Originally we were going to be spending a few nights in Victoria and were only going back to Vancouver to catch our flight, but as we would be arriving in Victoria just after Thanksgiving, no one could host us for couchsurfing.
After sending numerous requests with no luck, we gave up and decided to go back to Vancouver for our last five nights instead. We have visited Victoria a couple of times before a few years ago so didn’t mind not being able to revisit this time, there will always be a next time.
With me and Canada that is definite.
It was quite the Odyssey getting to Vancouver from Quadra. It involved seven hours of travel involving two ferries and four hitched rides.
Hitching in Canada has been really good to us despite the mountains of stuff we lug around and although it took us four rides to get from Campbell River to Nanaimo, we never waited for longer than one hour and everyone that picked us up was so friendly and helpful, dropping us places where we could pick up another ride easily.
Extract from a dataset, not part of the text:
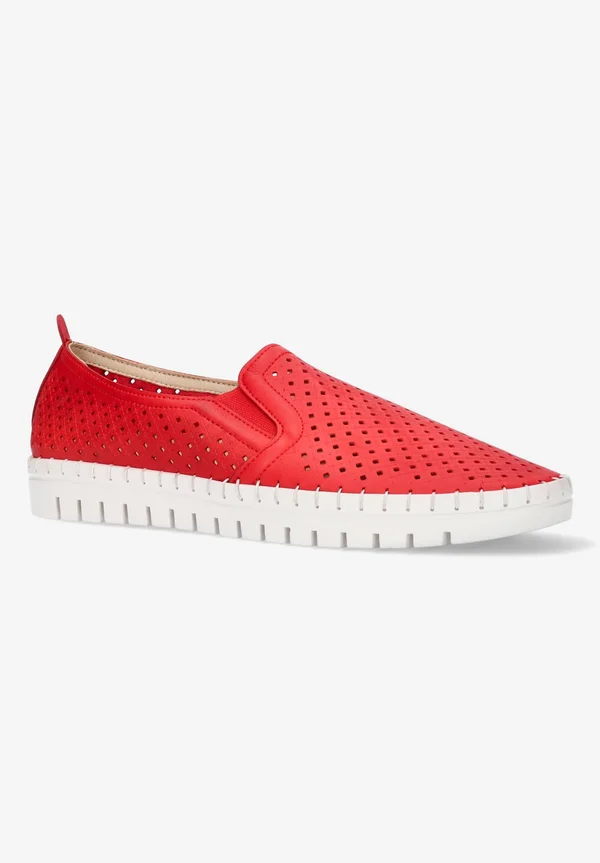 Easy Street Fresh Women's Slip-On Sneakers - Size: 9.5 Wide, Red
Our second driver dropped us in Courtenay near the highway heading to Nanaimo. As we were crossing a road someone started beeping at us. It turned out to be our Host David from Denman Island with Tippy and Skipper!
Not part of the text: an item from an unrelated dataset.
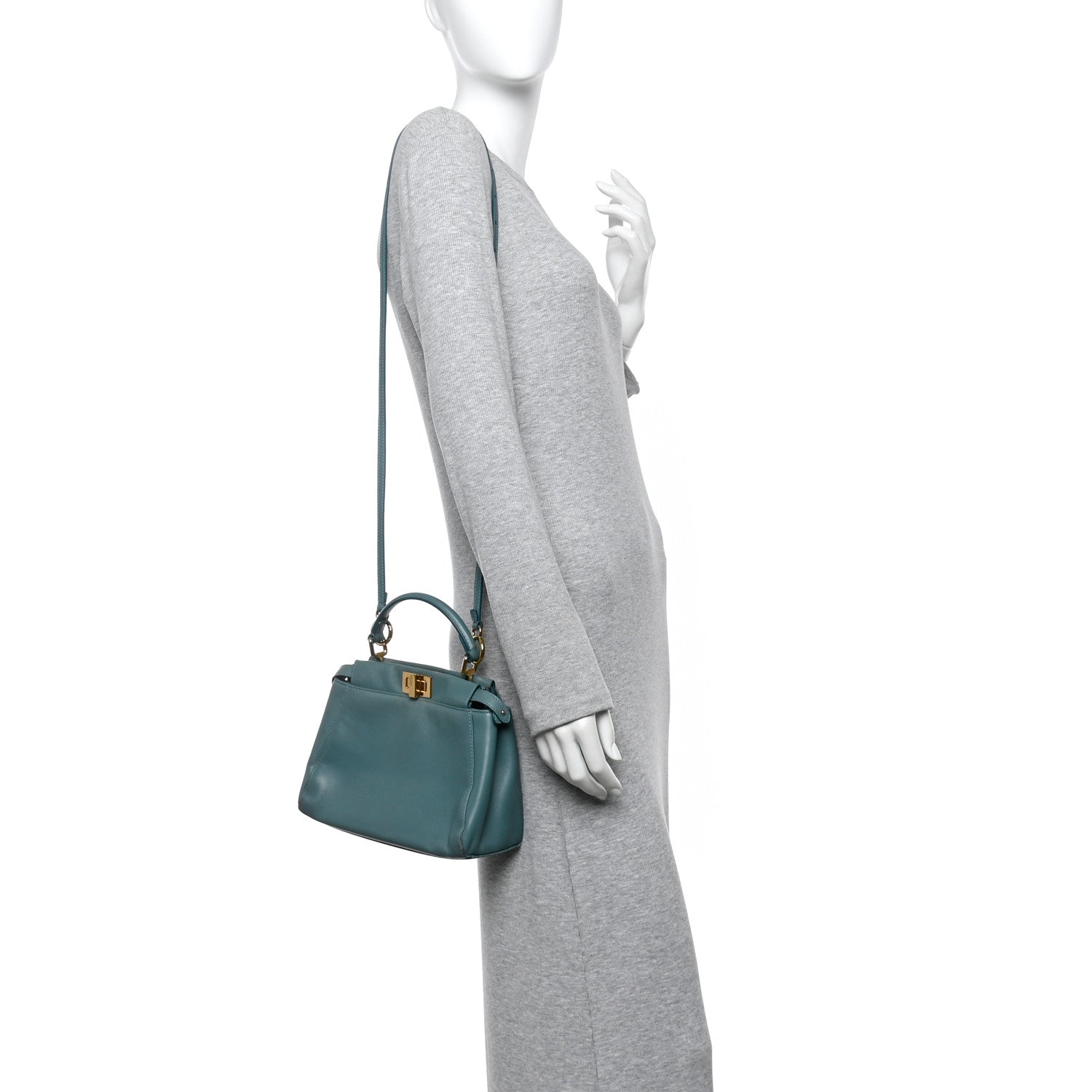 Fendi Nappa Mini Peekaboo Iconic Satchel Pound 2 of 13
He comes to Courtenay every Tuesday to attend a Photography class and do his shopping. We went to Tim Hortons with him for a donut and a catch up. It was really nice to see him again one last time. He dropped us at the entrance to the highway and we got a ride within minutes, all the way to the ferry terminal.
We had only been away from Vancouver for 3 ½ weeks but the weather had changed dramatically since we were there last. It was as cold as Quadra (read: very cold) and the trees were shedding their crimson leaves.
Nicole took us out to dinner to a vegetarian restaurant called Federation in Mount Pleasant on our first night back. They had the most amazing nachos and great craft beer on tap. It was a nice, relaxed evening after a long day of travelling.
Being back at 261 W 19th was like a home coming of sorts. When you are travelling long term, only lingering in one place for a matter of days, somewhere where you have friends and feel comfortable can very quickly feel like home.
We had evenings just chilling out; watching movies, sipping tea, cooking dinner and talking trash. That flat and everyone in it has such a great dynamic and it is such a fun and lively place to stay. Nicole, Bridge and Ed: We miss you guys and your glorious share house!
We met our friend Jasmine in Chinatown for a dim sum lunch one day at our favourite dim sum place, Jade Dynasty. I love this place despite its no frill décor, because the food is really delicious while still being affordable. I had my 27th Birthday here back when we were living in Van.
We got a mix of small dishes and shared them and it was even better than I remember. After bidding farewell to Jasmine we headed to Dr Sun Yat Sen Park.
The Park is a small oasis with bonsai trees, bamboo groves and a koi carp pond; a sanctuary from the crowded and shabby streets of Chinatown. There is a manicured garden next door to the park which costs $15 to enter.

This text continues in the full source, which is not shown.